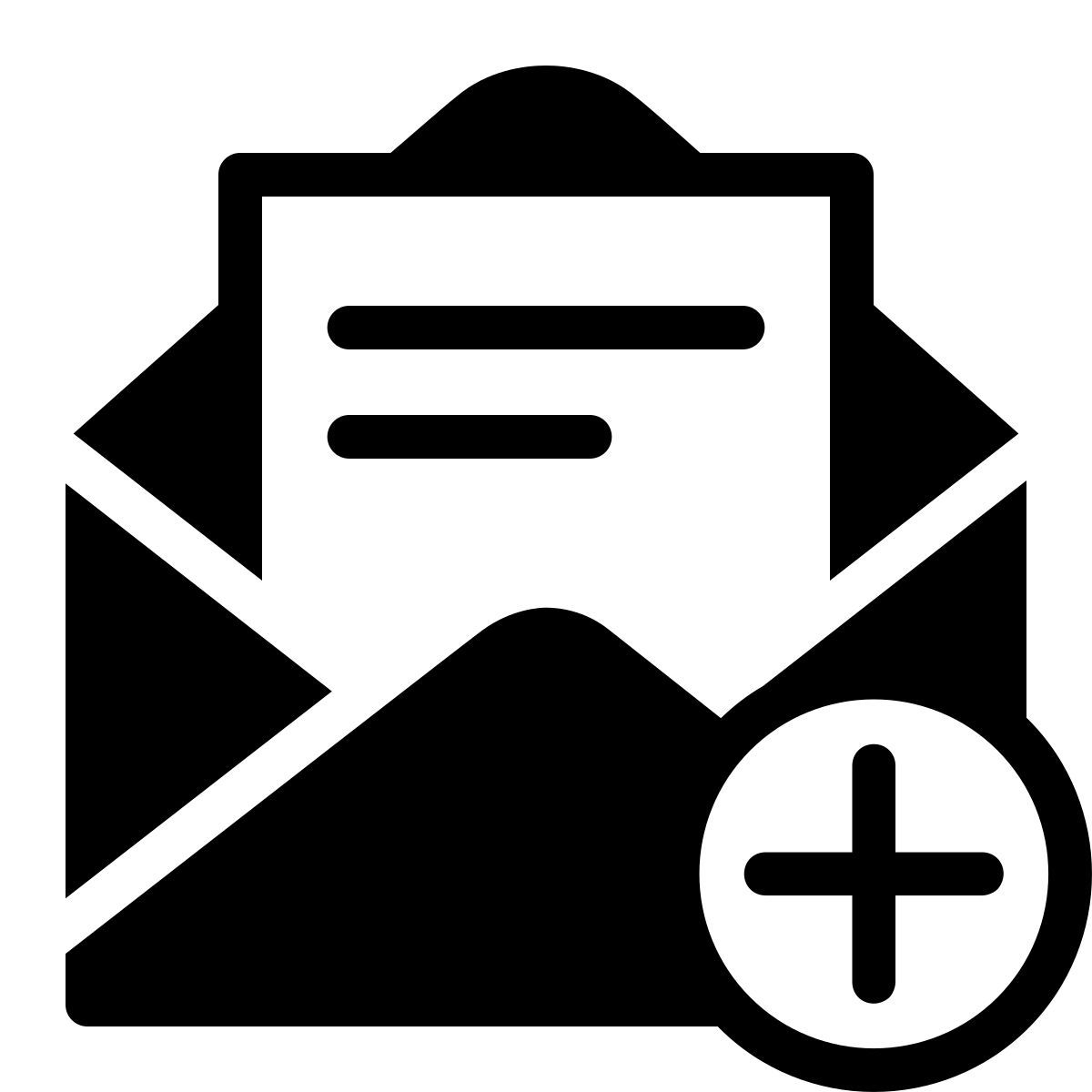 ios 17 filled style adicionar envelope aberto icon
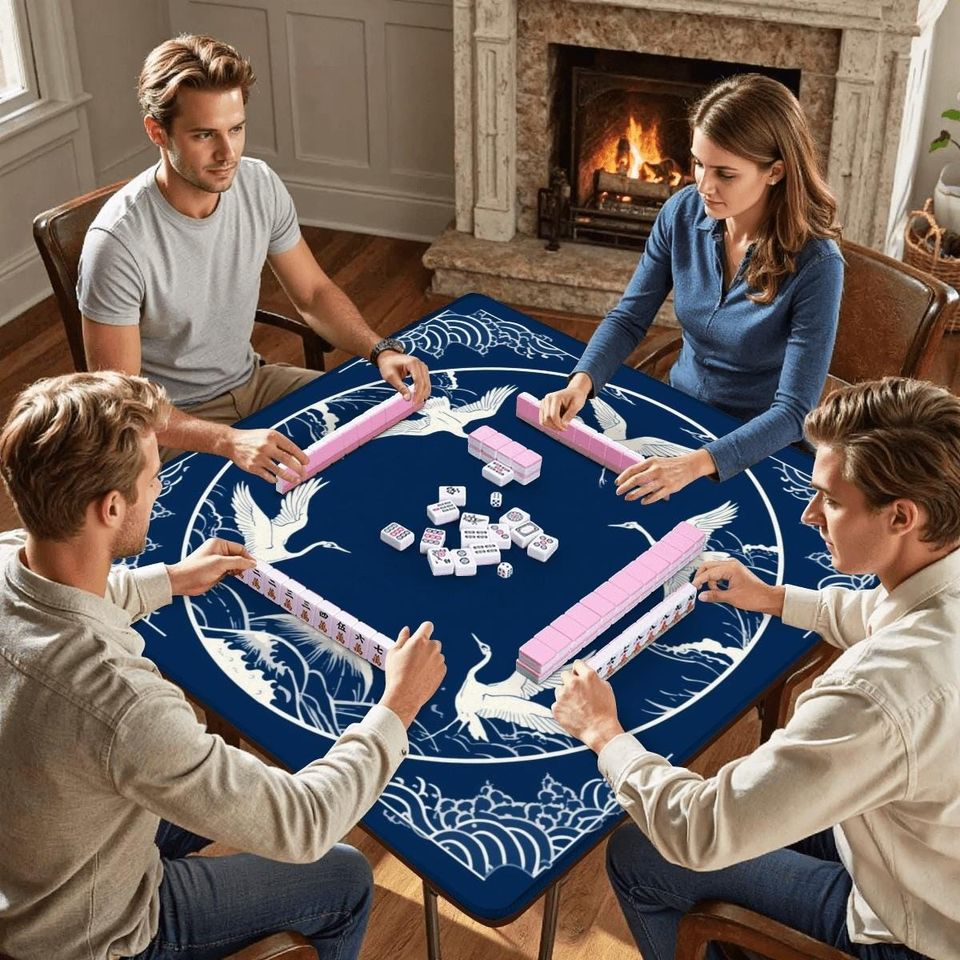 Navy Crane Mahjong Mat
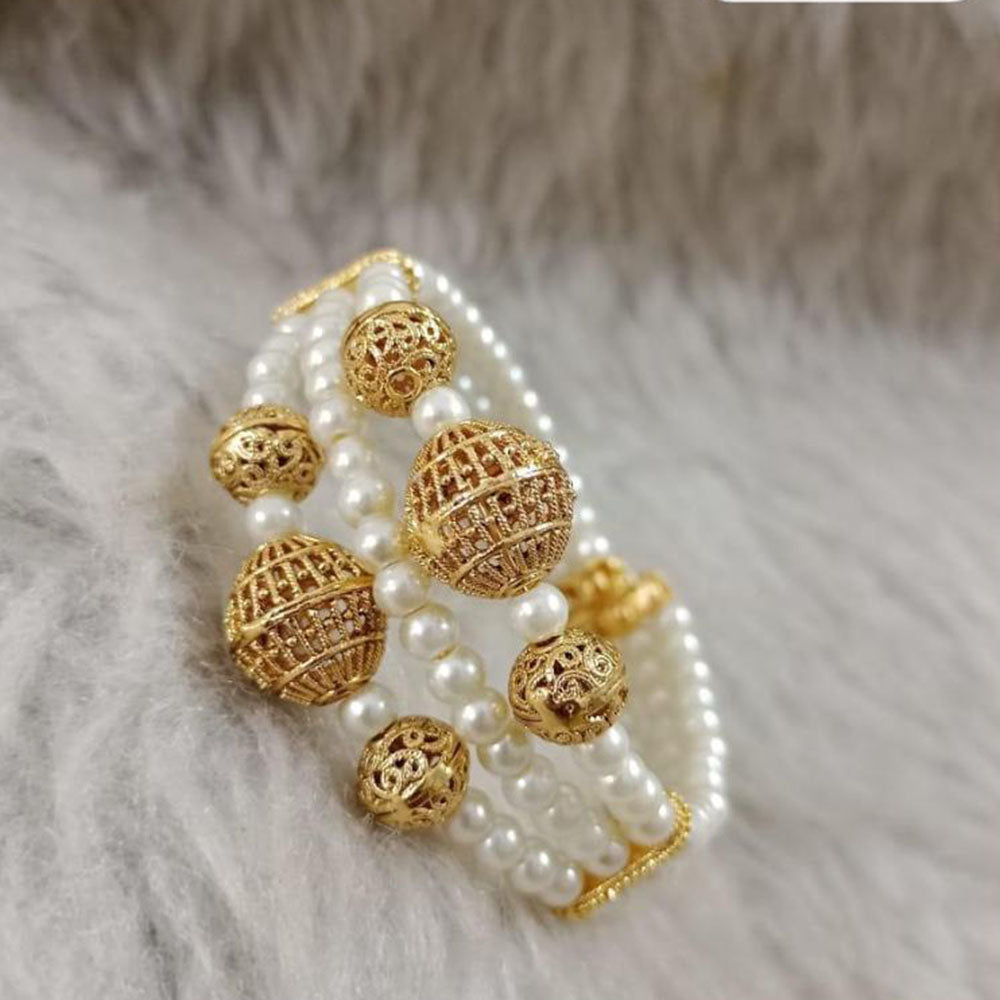 Star India Gold Plated Pota Stone And Pearl Bracelet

:: Work required ::
Except for the pictures, write the data out exactly.

:: Exercise response ::
 ios 17 filled style adicionar envelope aberto icon
 Navy Crane Mahjong Mat
 Star India Gold Plated Pota Stone And Pearl Bracelet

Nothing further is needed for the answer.